Its mostly intended to scratch the itch I always feel having to
remember to add :test 'eq to the end of member for a simple symbol
lookup, etc.  Hopefully others have the same itch.  GCL even had its
own si::memq hack to the same effect.  Without this of course one has
the eql function call inside the loop.

If you disassemble compiled functions under Allegro, you'll see
that they sometimes do type-based substitutions of faster forms
of MEMBER, ASSOC, etc.  REMOVE(-IF,-IF-NOT) ... :COUNT 1 is also a good
target for optimization.

Optimizing EQL and EQUAL ==> EQ by themselves based on type information
is also useful; do we already do that?

Duane Rettig at Franz had a presentation at ILC 2005 on the first-class
environments they've added.  This or something close to it would be
a good candidate for standardization, I think.  It's relevant to this
thread because it lets you get some type declaration information at macro
(or compiler macro) expansion time, so users can add this kind of
type-based optimization.  You can also do some limited type propagation,
although not as much as can be done after macro expansion.

(I'd like to see an extension to Lisp where some parts of the behavior
of macros can be specified separately from their expansions, just to
get around this problem.)

Personally I can't ever seem to bring myself to the loop macro, though
it works in GCL just fine -- programming and English are to me two
very different things, making loop code actually less readable, IMHO.

I've used LOOP for years, but then I was raised on Interlisp.
De gustibus non est disputandum.


On the other hand, in a FIXNUM vs.
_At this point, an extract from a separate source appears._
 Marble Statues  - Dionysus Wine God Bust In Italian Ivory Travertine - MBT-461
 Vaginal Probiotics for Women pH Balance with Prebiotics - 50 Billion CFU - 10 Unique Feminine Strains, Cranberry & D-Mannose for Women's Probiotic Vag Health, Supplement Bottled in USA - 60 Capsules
BIGNUM situation, things are radically
different and harder.  It may be that most FIXNUM declarations are simply
lies!

There are at least two ways to address this: (1) have the compiler recognize
situations where the declarations are wrong, and blow up, and (2) in safe code,
treat declarations as asserts and check them at run time.  SBCL takes these
approaches, IIRC.

It also helps to run the code on different implementations.  Of course
testing cannot prove the absence of errors.

My feeling on FIXNUM is that it should *never* be used in declarations, since
you don't know what type it is (except that it's an integer supertype
of (SIGNED-BYTE 16).)  User code should use explicit integer range types.